A Freedom Press article from the 1940s on the Windrush migrants and the conditions which they left behind
The case of emigrants from Jamaica draws attention again to the plight of the West Indians. Unemployment is widespread in the islands. The export of bananas came to a standstill during the war and the fruit rotted on the dockside for lack of ships. Now the crop has failed due to disease. The spices and sugar, which made the West Indies the most prosperous British possession in the seventeenth century, are of little value. High quality cane sugar has been replaced in Europe by the home-grown sugar beet. Chocolate manufacturers have gradually altered the blend of their products until the African cocoa flavour replaced that of the West Indies, because they found it cheaper to do so. The result is that capitalism having profited by these islands now throws them aside like a sucked orange.
In the past, these islands were fought for, and captured in turn by the rival empires of France and Britain. The native inhabitants, Caribs, could not survive work on the plantations, so the negroes were introduced as slaves by the merchants of Liverpool and Bristol. Their ships were stinking hells. The slaves were treated worse than cattle. Sometimes the voyage was not a financial success, because too many of the cargo died. Only one hundred years ago were they freed and slavery was responsible for almost every one of their descendants’ problems. The majority of children born are illegitimate and orphans and wails are common, because in the past slaves were encouraged to breed to increase their master’s property. The West Indians are the prey of mob-leaders, such as Bustamente, whose followers brawl and riot in true fascist style. American “crank” religions flourish amidst the poverty. Many of the simple folk tolerate their wretched conditions, consoled by the thought of Paradise hereafter.

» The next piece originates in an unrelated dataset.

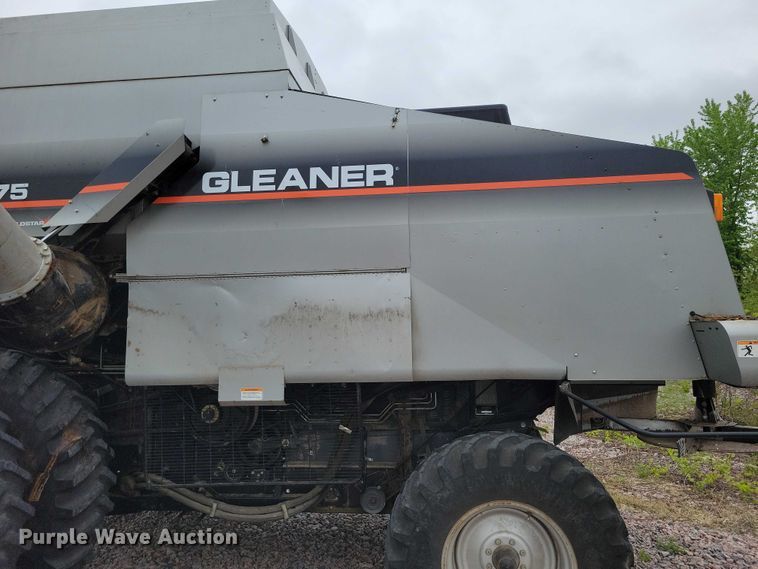 image for item YA3524 2006 Gleaner R75 combine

The islanders must combine to produce for their own needs and thus solve their economic problem. Fruit is plentiful and in the hands of the people the land could provide food enough to satisfy the requirements of all with a minimum of labour. It rests with the West Indians to set up co-operatives and throw off the shackles of exploitation. It rests with us to support them in their struggle and to welcome them as comrades those of them, forced to emigrate by unemployment.
St. Annes, Lancs.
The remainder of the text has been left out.